I'm studying for my ATPL and I am stuck on flight planning. In fact I've been stuck on this one subject for almost a year. For my own edification, I'm going to describe some typical AFPA (ATPL Flight Planning Aeroplane) questions, and their solutions, so I can study wherever I happen to have internet access. Perhaps some more erudite and learned ATPL pilots can happen along and give me some pointers, too.

Maximum headwind/minimum tailwind.

When flying from place to place you need to ensure that you land with a minimum amount of fuel necessary to cover emergencies. That fuel is called reserve fuel, and may not be used, except in an emergency. Using your reserves alone constitutes an emergency.

Say that I am flying a B727-200LR from point B to point C, with point A a long way behind me, and point C still a ways to go.
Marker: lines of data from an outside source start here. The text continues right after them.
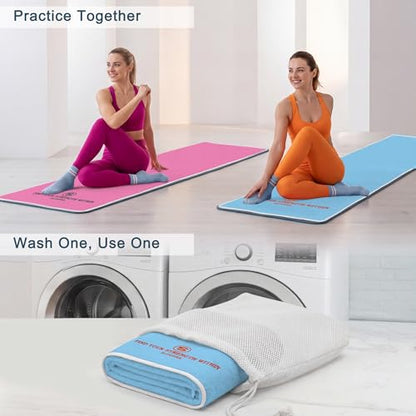 2 Pack Yoga Mat Towels with Bonus Grip Socks, Sky Blue + Rose Pink | Elegant Embroidered, 1-Second Sweat Absorption & Non-Slip | Machine Washable Microfiber | Hot Yoga, Pilates | 73''*27.6''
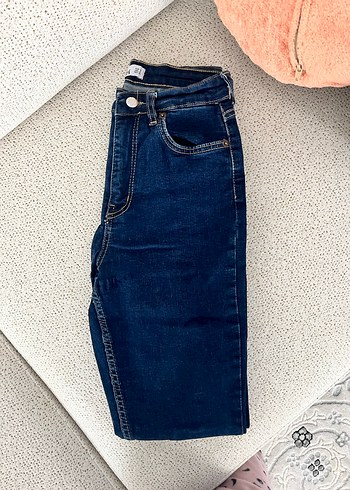 Mavi yüksek Boy Kadın Denim Pantolon - Görsel 2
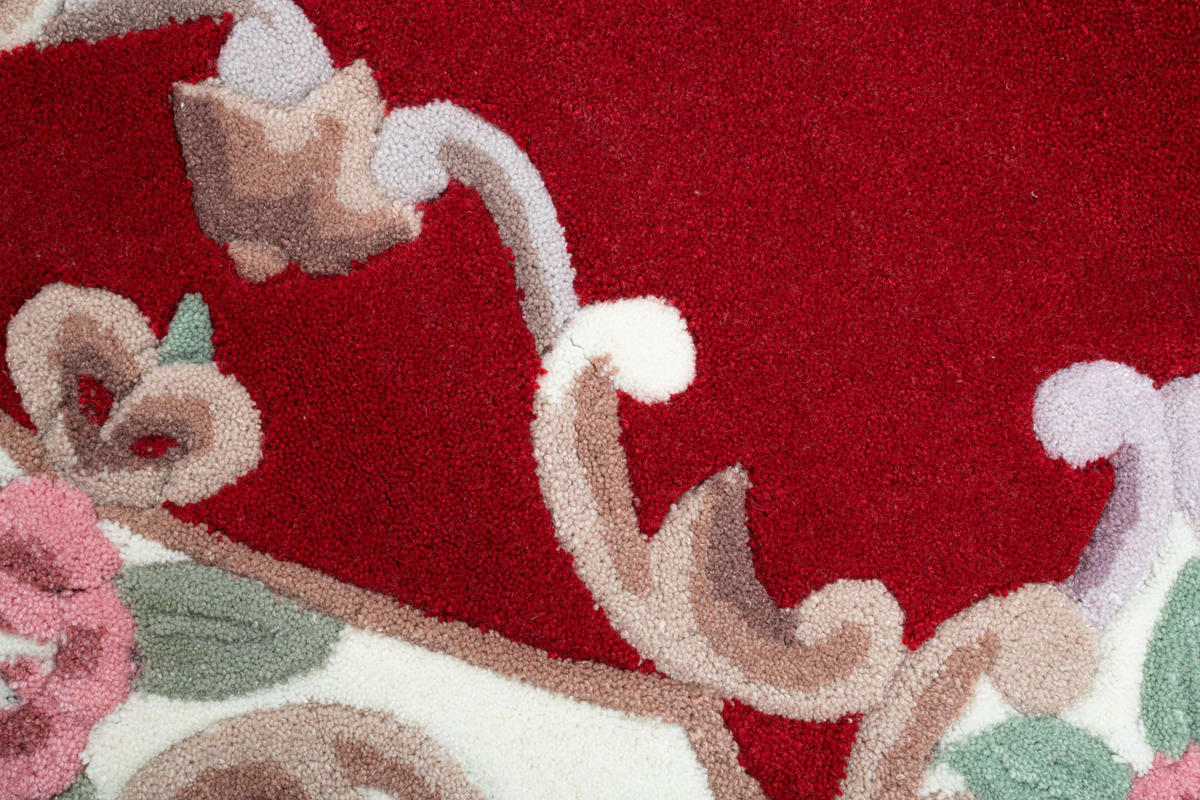 HANDTUFTTEPPICH Ming 150x150 cm - Rot, Textil (150/150cm) - THEKO
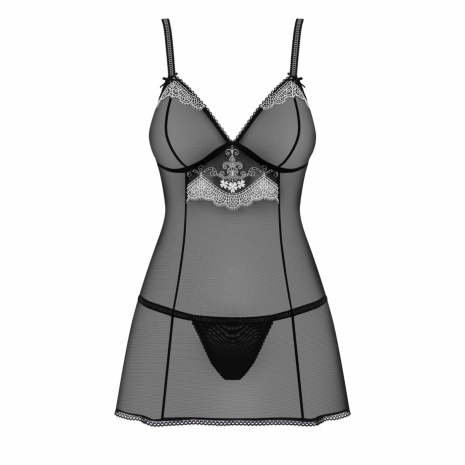 Полупрозрачный Babydoll с белой вышивкой LXL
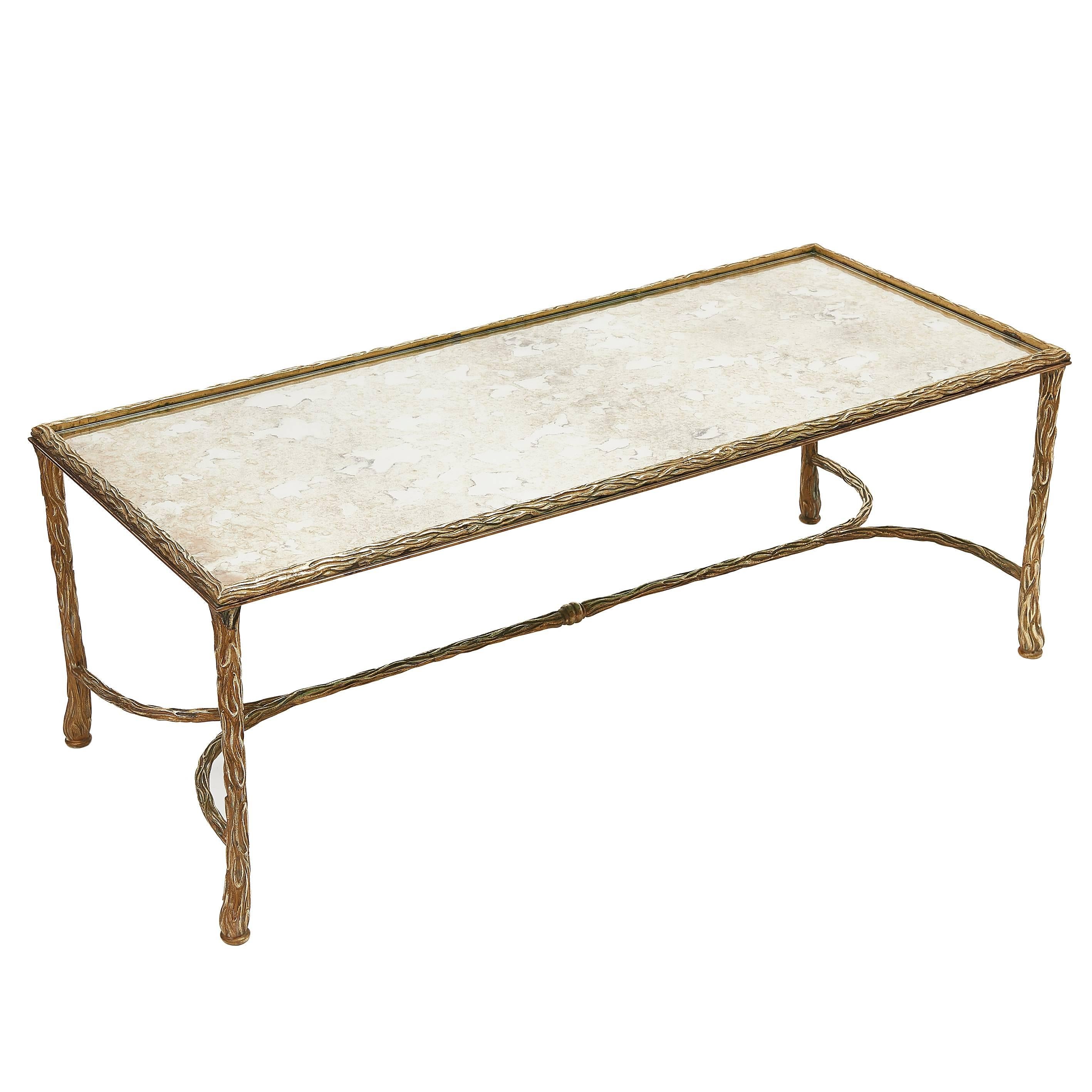 French Bagues Style Mirrored Top and Bronze Base Coffee Table, circa 1950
I've already burnt up a fair bit of fuel getting here and I need to ensure that I don't touch my reserve fuel getting to point C. Aloft I can have a headwind, a tailwind, or no wind at all (unlikely.) If the headwind is sufficiently strong I may get nowhere at all.

If I am 450nm from my destination and I have 7000Kg of fuel aboard, 3000Kg of which is reserve fuel, how strong a headwind can I accept at point B and be reasonable confident of getting to point C without using my reserves? I will ignore the descent and approach for the pourposes of this problem.
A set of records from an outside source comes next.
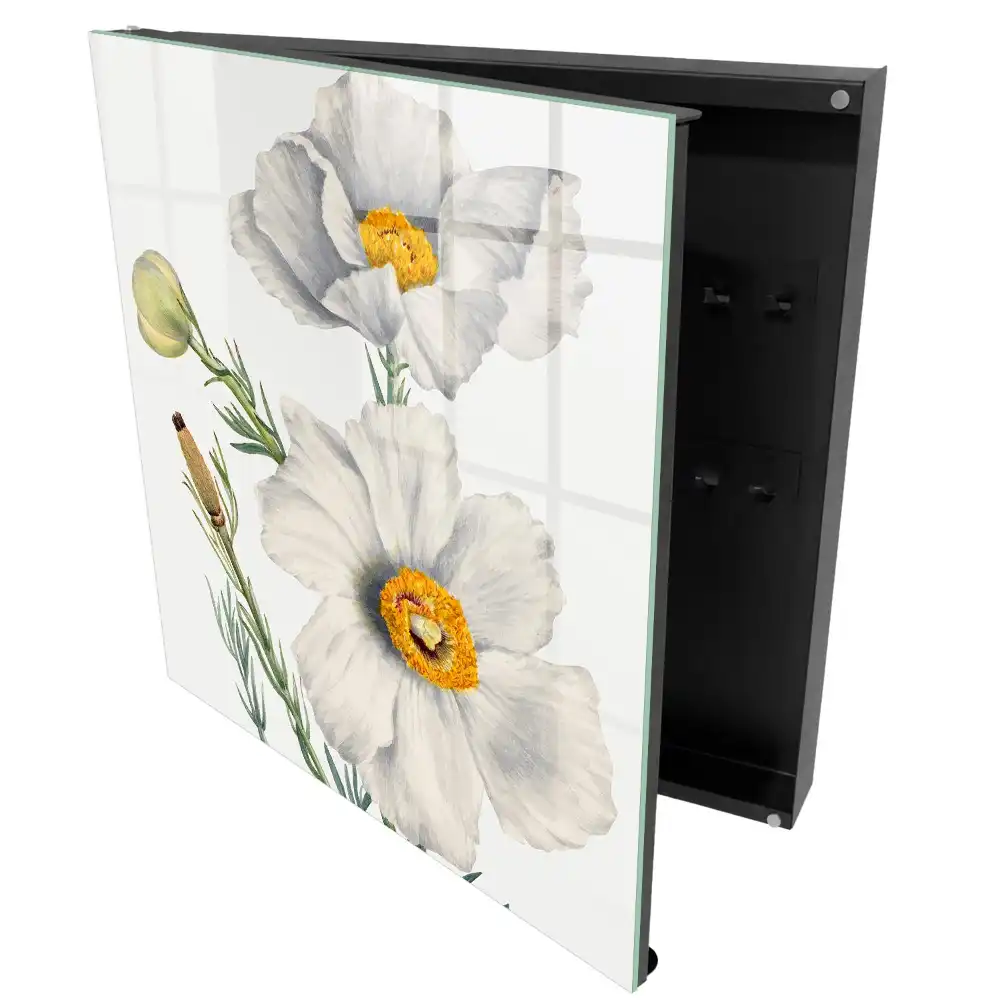 Armoire à clés fleurs blanches à cœur jaune et feuillage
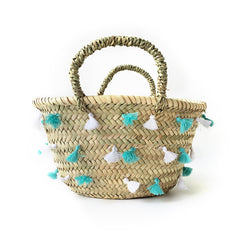 tassel basket - mint and white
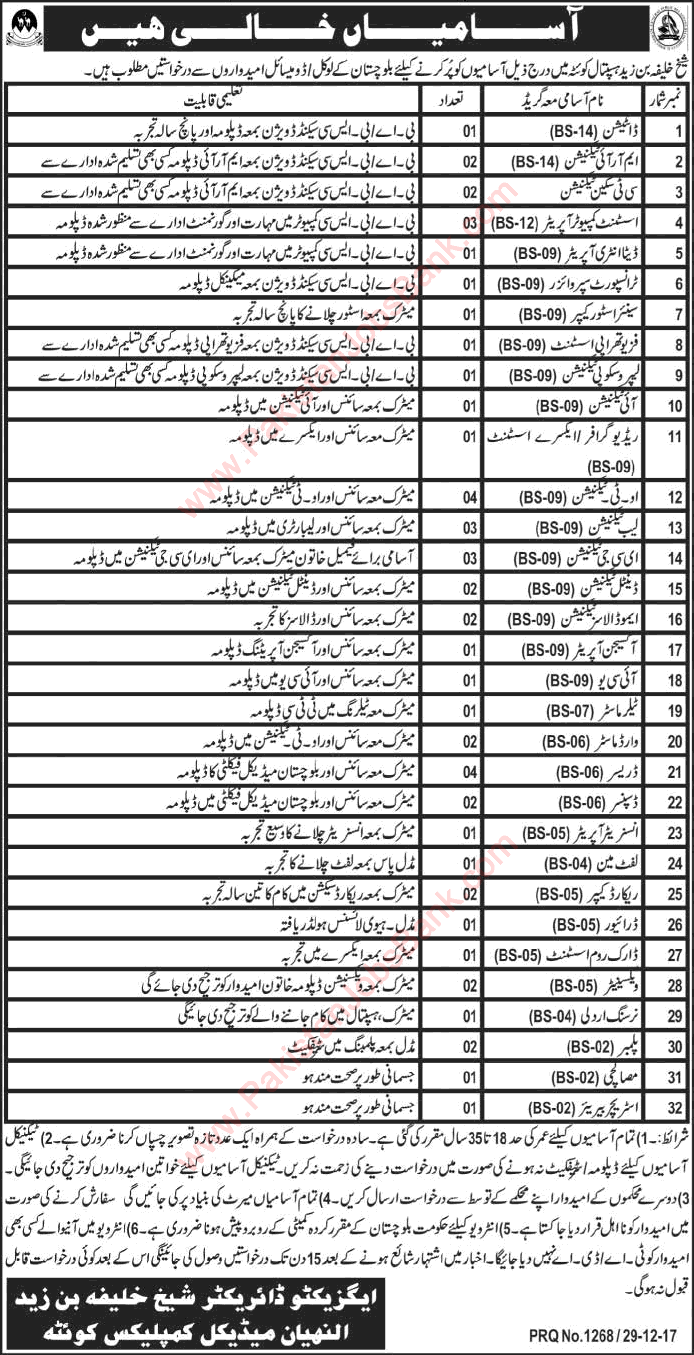 Sheikh Khalifa Bin Zayed Hospital Quetta Jobs December 2017 January Medical Technicians, Admin & Support Staff Latest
Firstly, let's see how much fuel I can burn getting to point C.

7000-3000 = 4000Kg of fuel. This is my flight fuel or fuel burn off (FBO,) the amount of fuel I can use getting to point C without using my reserves.

SGR = FBO/dist. The distance to go is 450nm. 4000/450 = 8.889 This is my SGR(required) This is the most Kg of fuel per nm I can burn. If my fuel economy is worse than this, no good.

Another way of calculating SGR = Fuel flow per hour/ground speed in kts. I calculate my fuel flow from the B727 flight manual in this configuration as being 3600Kg/H.

8.889 = 3600/Gs , or Ground speed = 3600/8.889 = 404kts.

I calculate my True Air Speed (TAS) in this configuration, which is 436kts.

My Gs(req)-TAS = my allowable head/tailwind.

404 - 436 = -32 Kts. This is the maximum headwind I can accept. A positive number would indicate a tailwind is required.

I'll test this by giving myself another 2000Kg of fuel onboard to use. If my reasoning is correct, then the answer should give me a much greater accepatable headwind.

6000/450 = 13.334 SGR(req)
3600/13.334 = 269kts Gs
269 - 436 = -167 kts allowable headwind.

Let's try it the other way with less fuel. If I have less fuel to cover the same distance, then logic tells me I need less headwind, maybe even a tailwind helping me along, to get me where I am going without eating into reserves.

2000/450 = 4.445 SGR(req)
3600/4.445 = 809kts Gs
809 - 436 = 373kts tailwind required.

RESULT.